MidWest Micro's $1299 Office MWO-433C, powered by a Celeron-433 microprocessor, debuts at number 13. With a PC WorldBench 98 score of 190, it's the slowest Celeron-433 system the PC World Test Center has reviewed, but it offers a decent set of features and all-hours phone support. The $1526 Micron Millennia C433, a Celeron-433 system reviewed in Top 10 Home PCs, fares much better. It places third and boasts much better performance. The $1699 Umax PC PIII-454EZV--the first Pentium III-450 PC cheap enough to qualify for the budget category--missed the Top 20 desktops chart as a result of limited support and a poor price/performance ratio. Its speed equals only that of an average PII-450 PC with 128MB of RAM.

Beyond Celeron

Given the many varieties of Celeron-based PCs out there, what's a budget buyer to do? Take a look at "The Price of Speed" to gauge how well the average system equipped with various budget CPUs performs and what you can expect to pay for it.

Naturally, there's more to the charts than just the new Celeron-based PCs. Two Pentium II­equipped PCs earn Best Buys on the budget Top 20 this month, but new systems that use PII chips are becoming scarce. Many vendors we talked to either have eliminated Pentium II models altogether or plan to drop them soon.
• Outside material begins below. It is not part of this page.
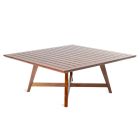 Square Garden Coffee Table in Polished Mahogany Made in Italy - Balin Viadurini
Even so, a handful of Pentium II­based systems still rate as solid bargains. Witness NEC's $2069 PowerMate 8100: At a price $589 lower than in May, this corporate offering moves onto the power chart in ninth place. And price isn't the PowerMate's only alluring feature--it tallied a vigorous PC WorldBench 98 score of 218; and it comes with a network card, DMI management, and plenty of room for future expansion--three open drive bays and five free slots.

We also reviewed three new PCs that use AMD K6-2-400 CPUs, but only the $1299 IDot.com AMD K6-2-400 reaches the chart. Its PC WorldBench 98 score fell short of the Celeron-400 PCs above it.

Muscle Machines

For this month's power chart we reviewed seven new systems, only three of which did well enough to earn places in the Top 20. The most impressive rookie, Dell's $2649 OptiPlex GX1p 500, takes over the top slot. Continuing the OptiPlex line's tradition of strong, managed PCs for big businesses, this PIII-500 NT 4.0 workstation features DMI management, an integrated network card, and an interior made for easy upgrading.
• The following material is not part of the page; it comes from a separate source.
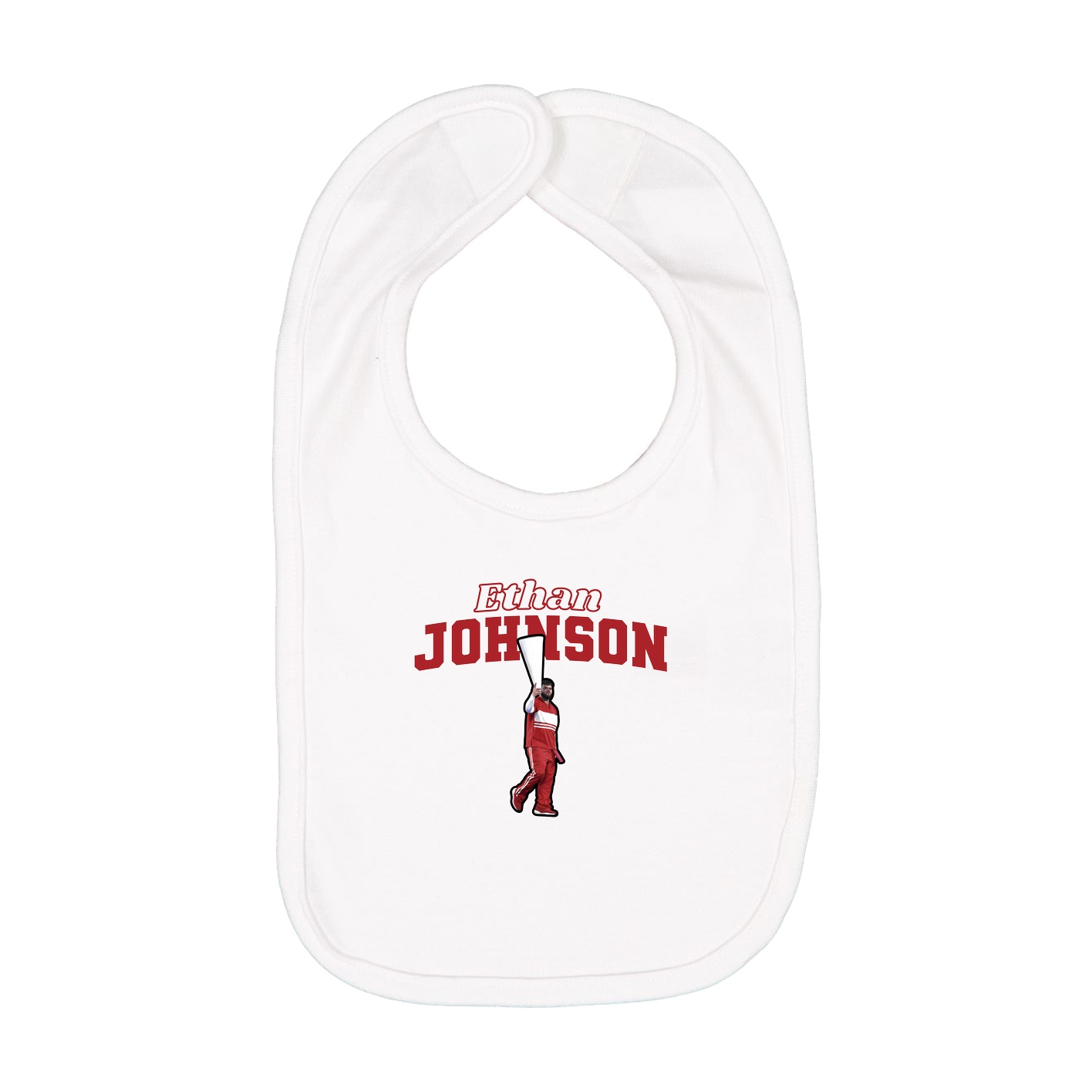 Infant Bib — Name Arch in White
Systems equipped with Pentium III-500 chips now thoroughly dominate the power chart--a trend that should become even more evident as the next few months go by. Currently, an even dozen of the Top 20 systems use Intel's fastest chip, which continues to sell for a premium price. The average cost of a chart-making PIII-500 system this month is $2629; this number represents a drop of a scant $73 from last month's average.
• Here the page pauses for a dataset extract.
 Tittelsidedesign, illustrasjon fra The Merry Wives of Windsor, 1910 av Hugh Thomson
Not surprisingly, such expensive PCs typically come stocked with all the high-end components a buyer could hope for: 19-inch monitors, high-end graphics and sound cards, good speakers, and massive hard disks. If you're eager to obtain peak performance but don't need top-notch components, remember that custom configurations can shave hundreds of dollars off a system's price. Vendors' reliability and service records are another factor that differentiates these powerhouses; make sure to consider our ratings in these areas when you shop.

Appearances Count

This month's Top 10 Monitors chart shows some notable shifts, courtesy of modest price drops on existing units and the appearance of two impressive new models--Sony's CPD-220GS (which features great graphics performance) and LG's 790SC (which costs just $360). For its part, ViewSonic's PT775 rides a $30 price cut into first place, loosing the IBM P92's iron grip on the top position. Prices for 17-inch monitors have begun to stabilize; the average street price now hovers at $415.

Meanwhile, on the graphics board front, ATI's new Rage Fury graphics card delivers abundant speed and colorful images, but it suffered from flawed 3D visual quality in the PC World Test Center's evaluations: Some of the objects in our 3D gaming suite appeared grainy and banded. The board's software driver needs a bit of tweaking as well: The Rage Fury couldn't run our PowerPoint presentation or Caligari 3D modeling tests (ATI says a fix for the problem is imminent). Look for our retest of the board next month.